**ACTION ITEM**:
In the records below, find the line with "My Buddy Bag - Warm Weaves" and the line with "Priest in California". Print both exactly, along with every line between them, and no other line.

**LISTED RECORDS**:
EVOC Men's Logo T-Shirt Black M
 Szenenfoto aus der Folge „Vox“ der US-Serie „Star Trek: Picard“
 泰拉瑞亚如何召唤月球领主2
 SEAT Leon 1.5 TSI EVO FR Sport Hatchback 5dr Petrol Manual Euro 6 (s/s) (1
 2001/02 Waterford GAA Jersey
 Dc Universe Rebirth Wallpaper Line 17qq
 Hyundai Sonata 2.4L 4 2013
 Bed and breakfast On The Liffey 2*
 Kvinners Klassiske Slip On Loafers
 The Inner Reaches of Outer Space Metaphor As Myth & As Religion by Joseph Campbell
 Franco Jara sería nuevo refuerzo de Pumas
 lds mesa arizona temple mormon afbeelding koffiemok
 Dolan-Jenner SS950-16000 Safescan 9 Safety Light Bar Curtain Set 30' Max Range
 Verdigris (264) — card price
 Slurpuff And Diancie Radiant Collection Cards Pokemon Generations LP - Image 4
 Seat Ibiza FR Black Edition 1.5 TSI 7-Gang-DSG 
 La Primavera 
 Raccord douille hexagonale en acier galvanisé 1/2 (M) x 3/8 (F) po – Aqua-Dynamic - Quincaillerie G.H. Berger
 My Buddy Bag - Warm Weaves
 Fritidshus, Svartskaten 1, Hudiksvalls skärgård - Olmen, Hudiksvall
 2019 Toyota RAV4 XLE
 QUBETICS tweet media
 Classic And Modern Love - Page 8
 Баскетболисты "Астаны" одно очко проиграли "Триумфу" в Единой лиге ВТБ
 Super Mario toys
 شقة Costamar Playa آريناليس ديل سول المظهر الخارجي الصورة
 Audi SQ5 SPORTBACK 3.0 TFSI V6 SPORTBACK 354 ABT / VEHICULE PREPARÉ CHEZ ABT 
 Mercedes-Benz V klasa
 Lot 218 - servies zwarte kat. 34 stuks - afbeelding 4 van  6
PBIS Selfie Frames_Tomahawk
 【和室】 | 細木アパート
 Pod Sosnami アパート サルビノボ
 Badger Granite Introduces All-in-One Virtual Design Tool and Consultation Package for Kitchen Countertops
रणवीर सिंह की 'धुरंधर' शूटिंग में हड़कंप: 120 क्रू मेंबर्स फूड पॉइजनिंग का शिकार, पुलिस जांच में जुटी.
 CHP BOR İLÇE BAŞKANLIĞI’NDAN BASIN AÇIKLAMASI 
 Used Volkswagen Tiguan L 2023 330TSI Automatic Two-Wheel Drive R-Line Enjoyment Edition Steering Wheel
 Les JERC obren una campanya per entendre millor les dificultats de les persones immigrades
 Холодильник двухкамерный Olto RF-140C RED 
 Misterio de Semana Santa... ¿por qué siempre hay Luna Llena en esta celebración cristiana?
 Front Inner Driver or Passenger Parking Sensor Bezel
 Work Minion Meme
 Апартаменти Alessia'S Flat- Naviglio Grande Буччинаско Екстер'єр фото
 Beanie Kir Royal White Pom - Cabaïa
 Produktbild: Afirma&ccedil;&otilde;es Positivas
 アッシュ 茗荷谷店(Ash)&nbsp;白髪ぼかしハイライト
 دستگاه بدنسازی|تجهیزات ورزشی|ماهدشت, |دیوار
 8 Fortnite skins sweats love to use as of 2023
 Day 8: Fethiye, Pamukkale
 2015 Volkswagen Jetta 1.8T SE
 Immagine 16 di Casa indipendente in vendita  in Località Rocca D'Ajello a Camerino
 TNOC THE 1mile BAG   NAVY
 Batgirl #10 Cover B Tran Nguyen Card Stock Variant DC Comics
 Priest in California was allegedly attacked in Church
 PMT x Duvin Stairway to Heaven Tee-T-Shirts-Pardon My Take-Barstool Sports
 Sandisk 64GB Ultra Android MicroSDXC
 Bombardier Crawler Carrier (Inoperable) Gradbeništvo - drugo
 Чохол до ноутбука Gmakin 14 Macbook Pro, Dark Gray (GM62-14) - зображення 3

**WRITTEN REPLY**:
 My Buddy Bag - Warm Weaves
 Fritidshus, Svartskaten 1, Hudiksvalls skärgård - Olmen, Hudiksvall
 2019 Toyota RAV4 XLE
 QUBETICS tweet media
 Classic And Modern Love - Page 8
 Баскетболисты "Астаны" одно очко проиграли "Триумфу" в Единой лиге ВТБ
 Super Mario toys
 شقة Costamar Playa آريناليس ديل سول المظهر الخارجي الصورة
 Audi SQ5 SPORTBACK 3.0 TFSI V6 SPORTBACK 354 ABT / VEHICULE PREPARÉ CHEZ ABT 
 Mercedes-Benz V klasa
 Lot 218 - servies zwarte kat. 34 stuks - afbeelding 4 van  6
PBIS Selfie Frames_Tomahawk
 【和室】 | 細木アパート
 Pod Sosnami アパート サルビノボ
 Badger Granite Introduces All-in-One Virtual Design Tool and Consultation Package for Kitchen Countertops
रणवीर सिंह की 'धुरंधर' शूटिंग में हड़कंप: 120 क्रू मेंबर्स फूड पॉइजनिंग का शिकार, पुलिस जांच में जुटी.
 CHP BOR İLÇE BAŞKANLIĞI’NDAN BASIN AÇIKLAMASI 
 Used Volkswagen Tiguan L 2023 330TSI Automatic Two-Wheel Drive R-Line Enjoyment Edition Steering Wheel
 Les JERC obren una campanya per entendre millor les dificultats de les persones immigrades
 Холодильник двухкамерный Olto RF-140C RED 
 Misterio de Semana Santa... ¿por qué siempre hay Luna Llena en esta celebración cristiana?
 Front Inner Driver or Passenger Parking Sensor Bezel
 Work Minion Meme
 Апартаменти Alessia'S Flat- Naviglio Grande Буччинаско Екстер'єр фото
 Beanie Kir Royal White Pom - Cabaïa
 Produktbild: Afirma&ccedil;&otilde;es Positivas
 アッシュ 茗荷谷店(Ash)&nbsp;白髪ぼかしハイライト
 دستگاه بدنسازی|تجهیزات ورزشی|ماهدشت, |دیوار
 8 Fortnite skins sweats love to use as of 2023
 Day 8: Fethiye, Pamukkale
 2015 Volkswagen Jetta 1.8T SE
 Immagine 16 di Casa indipendente in vendita  in Località Rocca D'Ajello a Camerino
 TNOC THE 1mile BAG   NAVY
 Batgirl #10 Cover B Tran Nguyen Card Stock Variant DC Comics
 Priest in California was allegedly attacked in Church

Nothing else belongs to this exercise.